Acababa de teñirme el pelo de rubio. Me veía chistosa pero no del todo mal. En todo caso sentía que había arruinado mi pelo larguísimo. Decidía ir a Tokio un rato, así fuera solo para entrar a H&M y comprar algo de ropa. Tomaba el Tsukuba Express. A mi lado se sentaba un extranjero y empezaba a manosearme. Me cogía por la cintura, me sentaba sobre su regazo y me tapaba la boca. Empezaba a gritar pero no se oía mucho, aunque estaba haciendo el suficiente escándalo para que se dieran cuenta los otros pasajeros y llamaran a la policía. Me daba cuenta de que tenía el ukulele en la mano y empezaba a pegarle con él, pero luego se lo entregaba a una señora y seguía dándole puños. Lo aprehendían y el tren volvía a la normalidad, pero me sentaba y sentía que el puesto olía al perver. Me daba mucho asco y se lo decía a un señor japonés que estaba sentado al lado mío. Pedía mi ukulele y me traían dos, pero ninguno era el mío. Me quejaba, explicaba en japonés que se lo había entregado a una señora, pero no recordaba la cara ni el vestido de la señora.
A mi lado resultaba otro extranjero muy parecido a Philip Seymour Hoffman que tenía una caja de guitarra abierta y la gente le echaba dinero pese a que no estaba tocando nada. Conversábamos y me caía súper bien. Le decía que deberíamos volver a hablar. Me daba una tarjeta de presentación para que escribiera mi teléfono detrás, pero me costaba escribirlo. El esfero que me prestaban no pintaba bien y olvidaba los últimos dígitos. Por accidente le entregaba la tarjeta a una anciana japonesa amable, pero no me arrepentía. El clon de Philip Seymour Hoffman me daba otra tarjeta y un portaminas. Me quedaba un poco mejor escrito y se lo entregaba. Le preguntaba por la caja. Me enteraba de que tocaba ukulele. Le contaba que yo también tocaba ukulele pero acababa de perderlo. Se ofrecía a ayudarme a recuperarlo.
Me bajaba en Akihabara, pero era un lugar donde estaban llevando a cabo un concurso colombiano. Era un concurso donde la gente tenía que huir de los trenes y de unos tubos gigantes de colores que ocupaban los espacios a toda velocidad y estaban llenos de agua. De repente yo también estaba corriendo mientras me caía agua y los vehículos gigantes amenazaban con llevarme por delante. Al parecer una concursante había quedado malherida. Otro concursante era Julián Román, que me ayudaba a esquivar los obstáculos.

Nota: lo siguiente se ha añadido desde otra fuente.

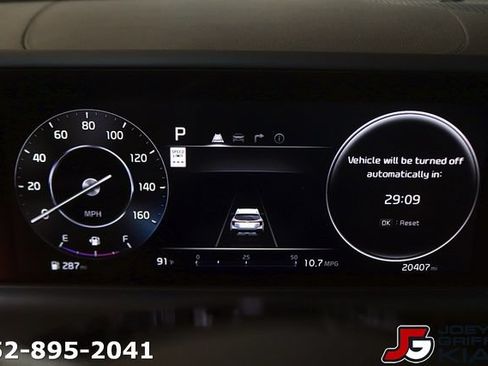 Certified 2024 Kia Seltos SX AWD/4WD image 20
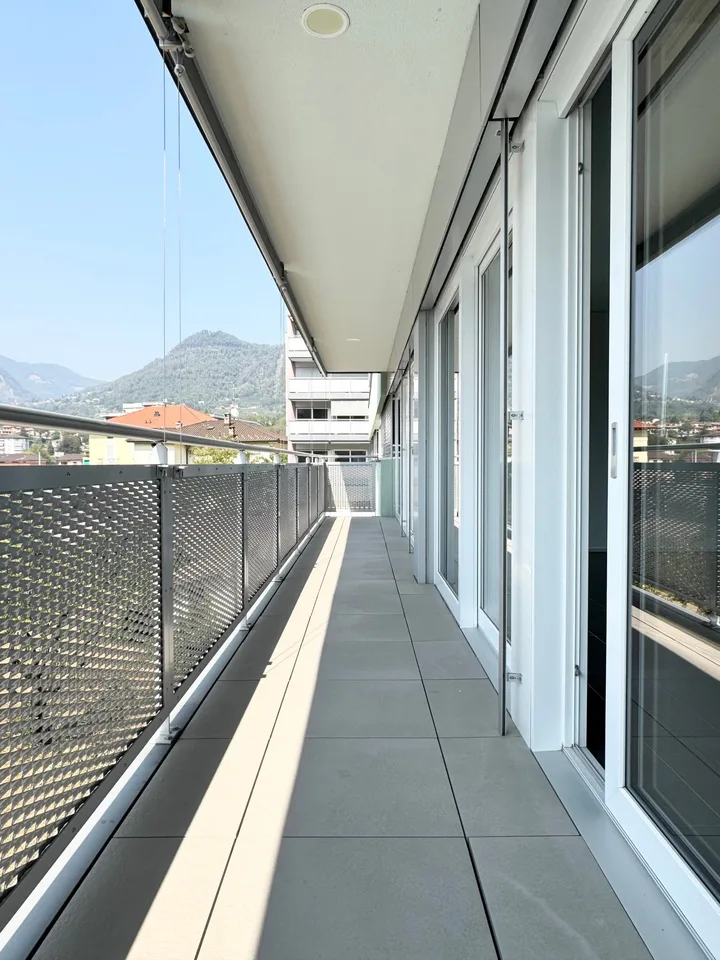 Komfortables und helles Apartment mit Terrasse, 1. Monatsmiete GRATIS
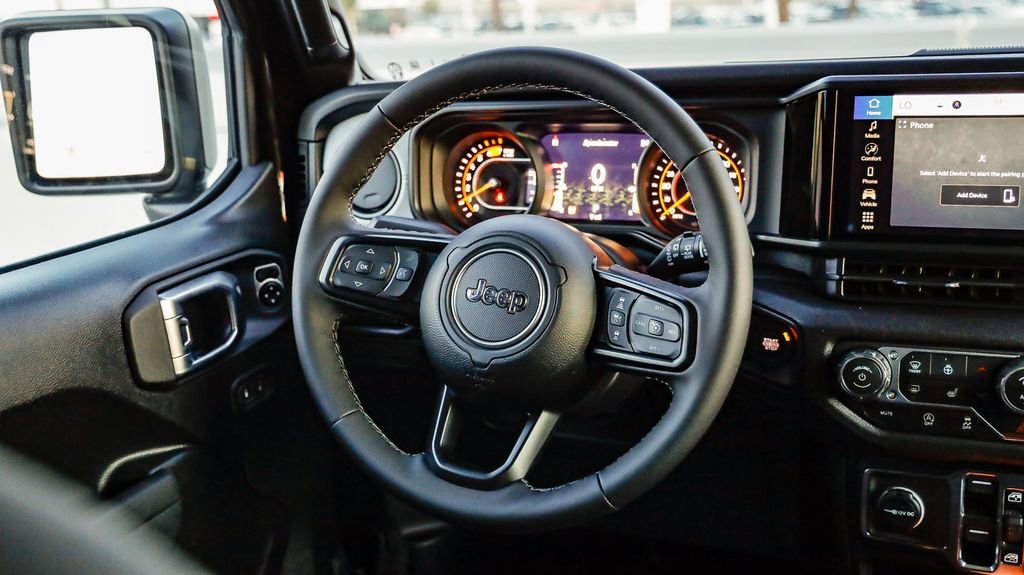 New 2026 Jeep Wrangler Sport S image 18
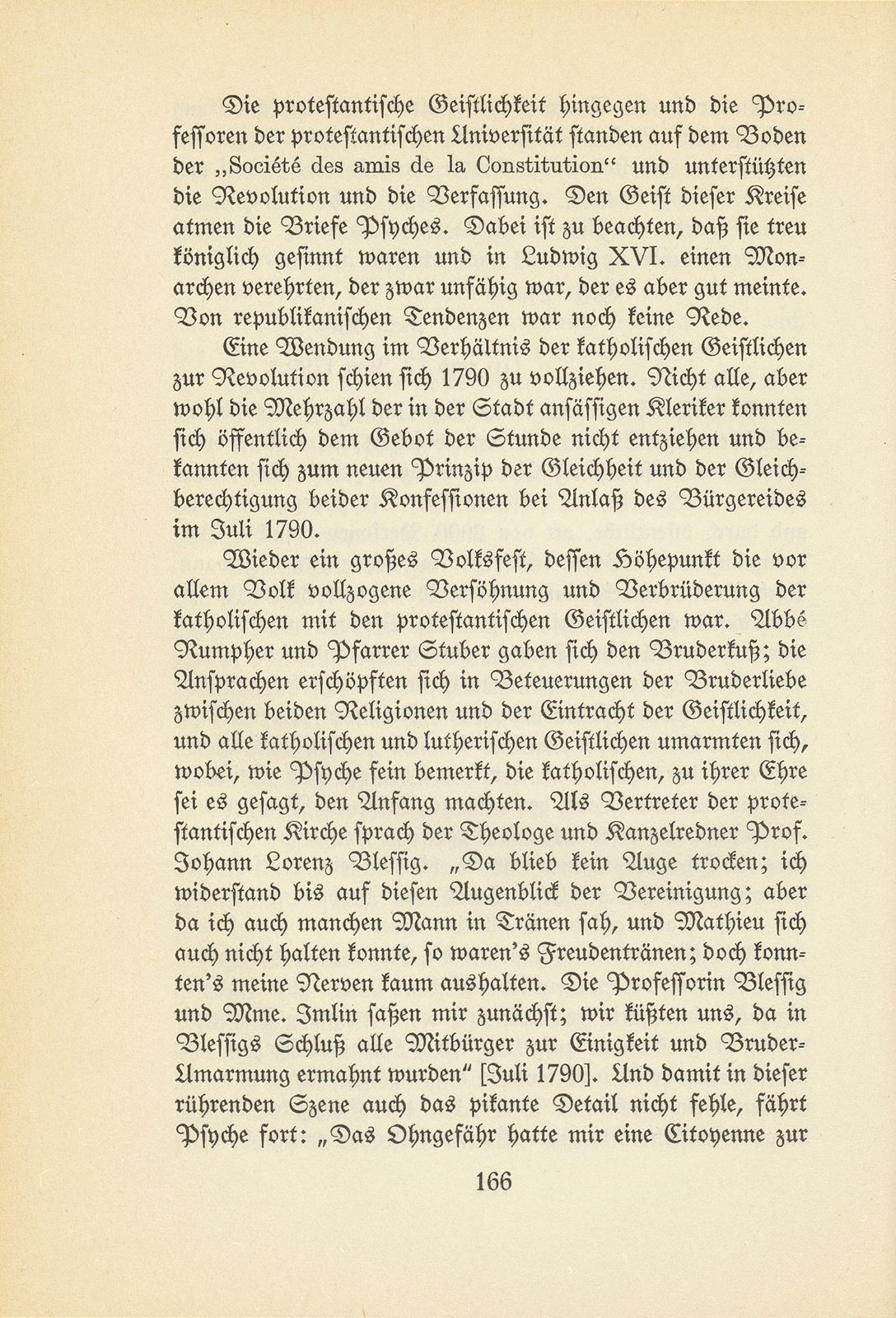 Erlebnisse der Strassburger Gelehrtenfamilie Schweighäuser während der französischen Revolution – Seite 20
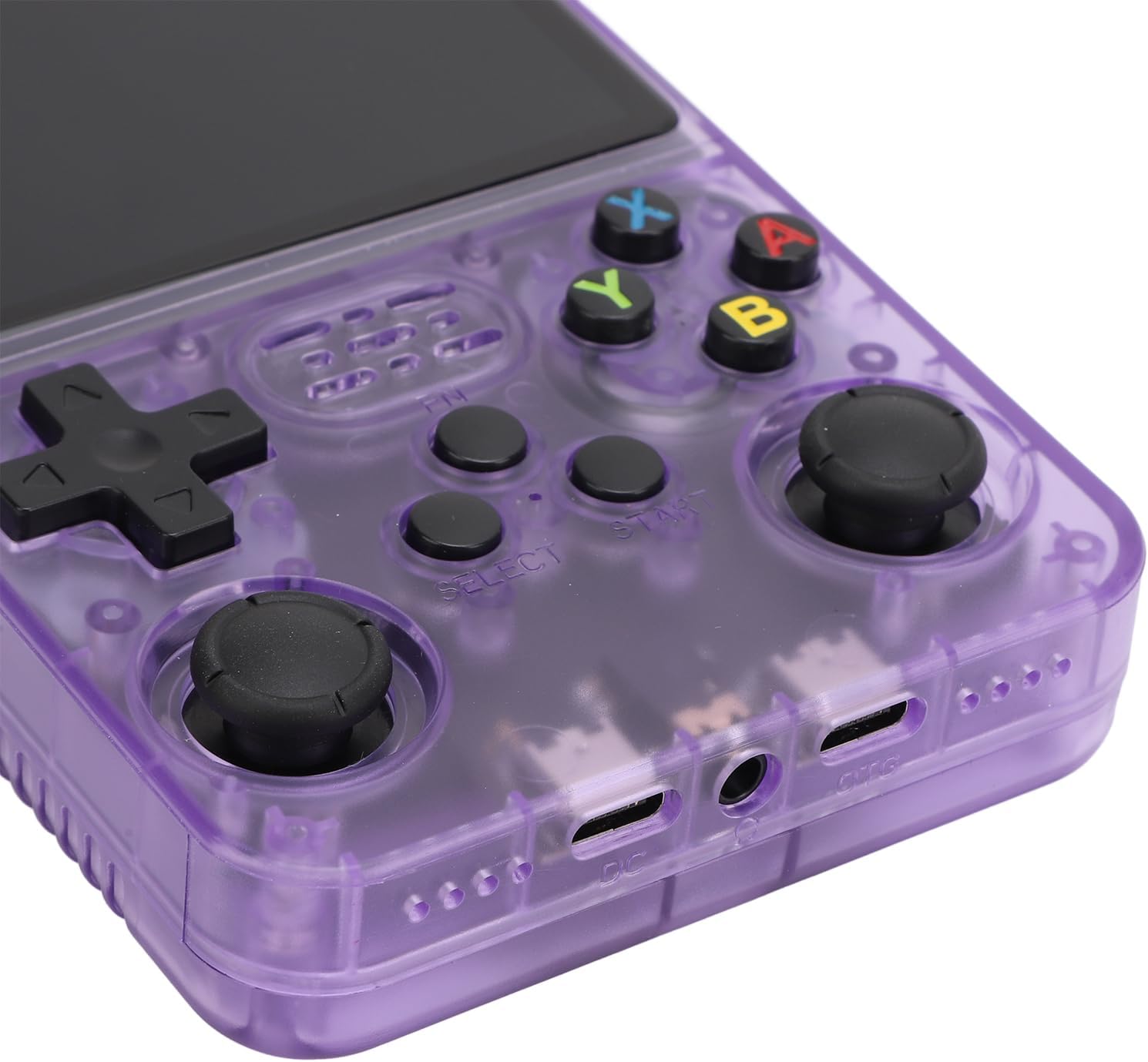 Consola de videojuegos portátil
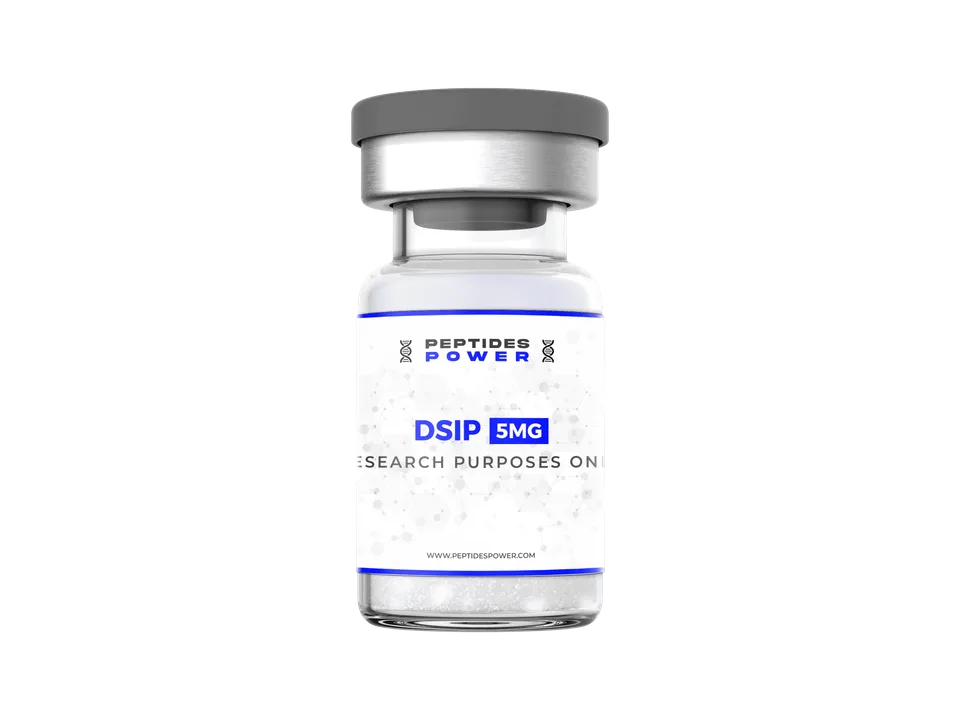 DSIP vial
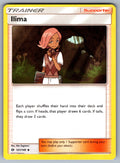 Ilima Uncommon SM Base Set 121/149 LP 2017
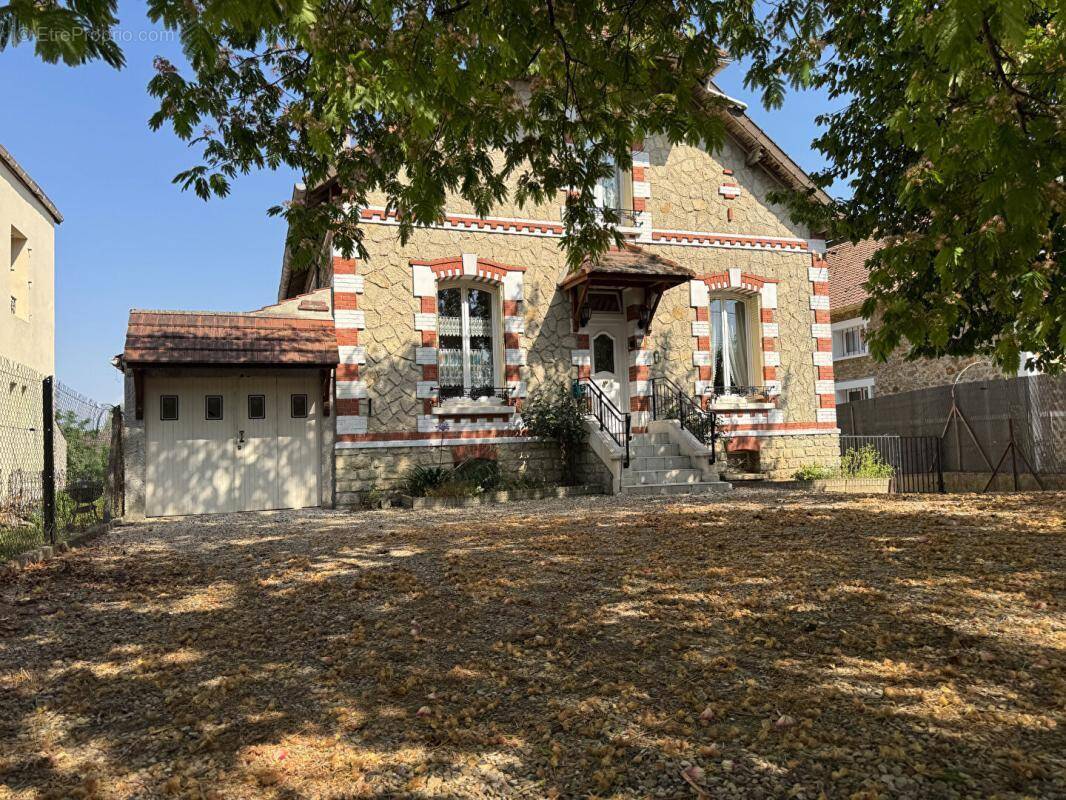Maison à MAREUIL-SUR-OURCQ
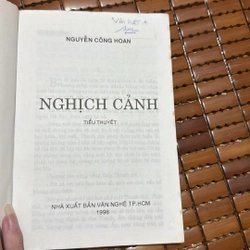 Nghịch cảnh - Nguyễn Công Hoan 527039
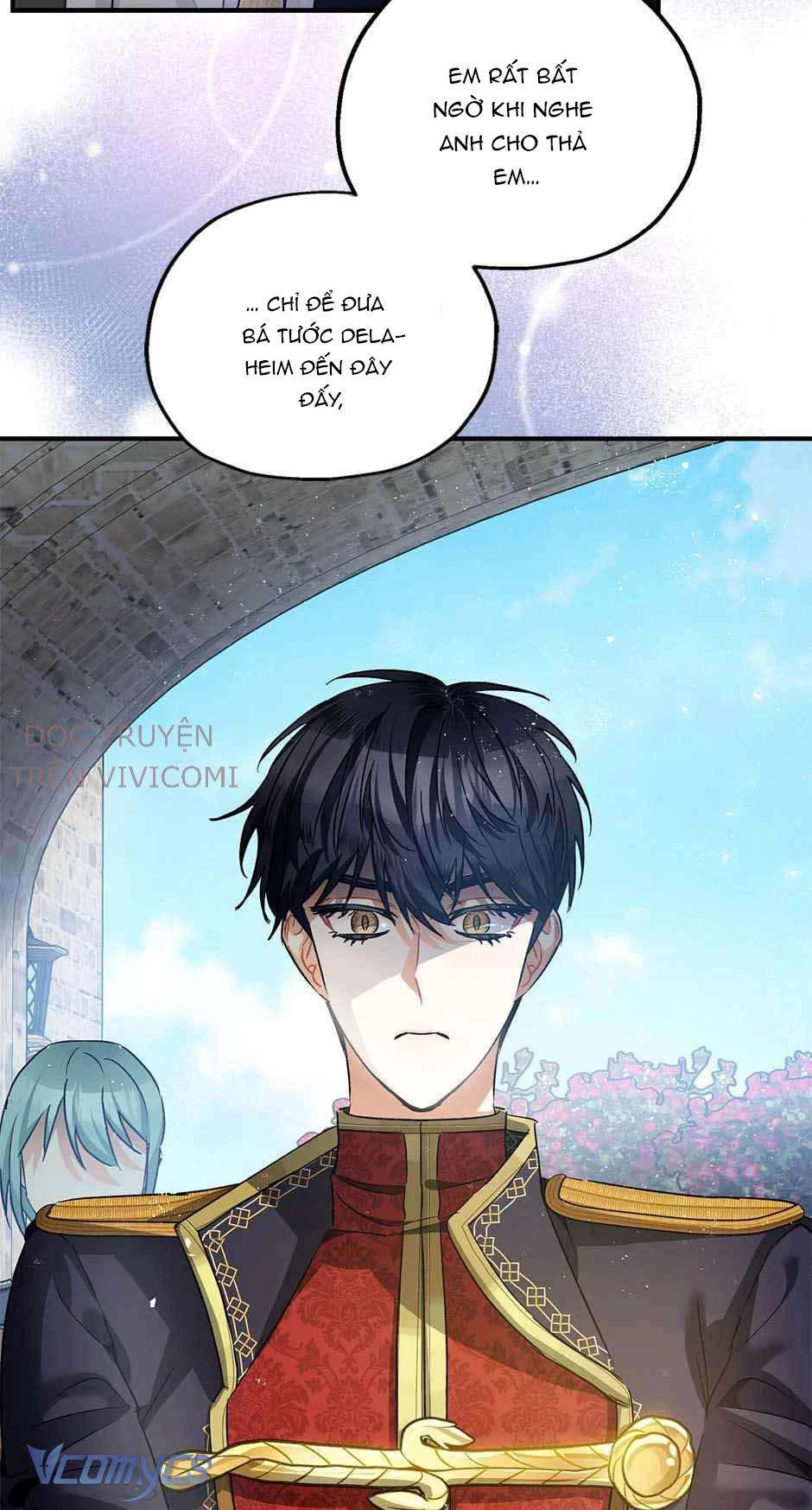 Liều Thuốc An Thần Của Bạo Chúa Chapter 44 - 34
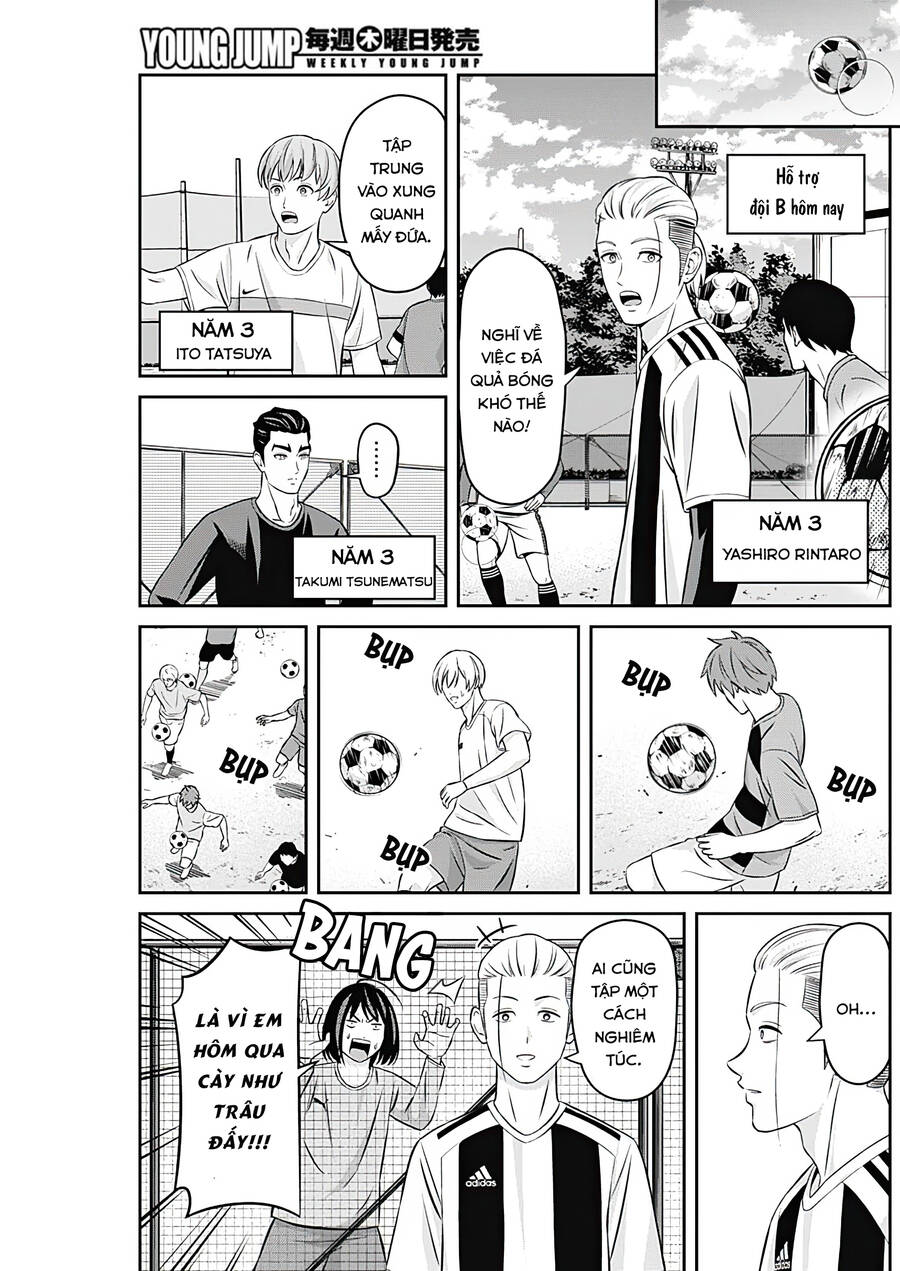 Tiempo Chapter 12 - 17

De pronto me salía de la arena del juego y resultaba en un McDonald’s que estaba dividido en varias secciones. Hacía fila y me hacían descuento en un tinto por ser estudiante, pero yo no quería tinto, así que volvía a hacer fila. Las filas eran laberínticas, así que ya no volvía a encontrar la sección de los tintos sino una más grande y morada, de los postres. Los trabajadores del lugar eran colombianos, al parecer ya no estaba en Japón. Me preguntaban si quería té, helado o chocolate. Yo quería un helado de chocolate con algo crocante. Me daban a degustar un helado a medio derretir de chocolate y galletas tipo Oreo, pero aparecía una mesera japonesa y me avisaba (en japonés, claro) que la degustación me costaría ¥450. Ah, claro, si yo no estaba cargando pesos sino yenes, pensaba. Los demás meseros me ignoraban un rato hasta que al fin me atendían y me daban un helado enorme de chocolate con algo crocante tipo Ferrero Rocher y me andaban encimando pedacitos de Andes de cereza y otros dulces desconocidos. Me sentaba en una mesa en forma de pretzel. Entendía que tenía dos minutos para degustar y si me gustaba, me pasaba a una mesa más grande y pagaba. Si no, me cambiarían el pedido. Me parecía un sistema maravilloso y recordaba que lo había leído de un señor que antes salía en todas partes en Internet. A mi lado había un relojito digital marcando el tiempo que me quedaba. El helado me gustaba y me cambiaba de puesto. La gente celebraba porque había hecho una venta más.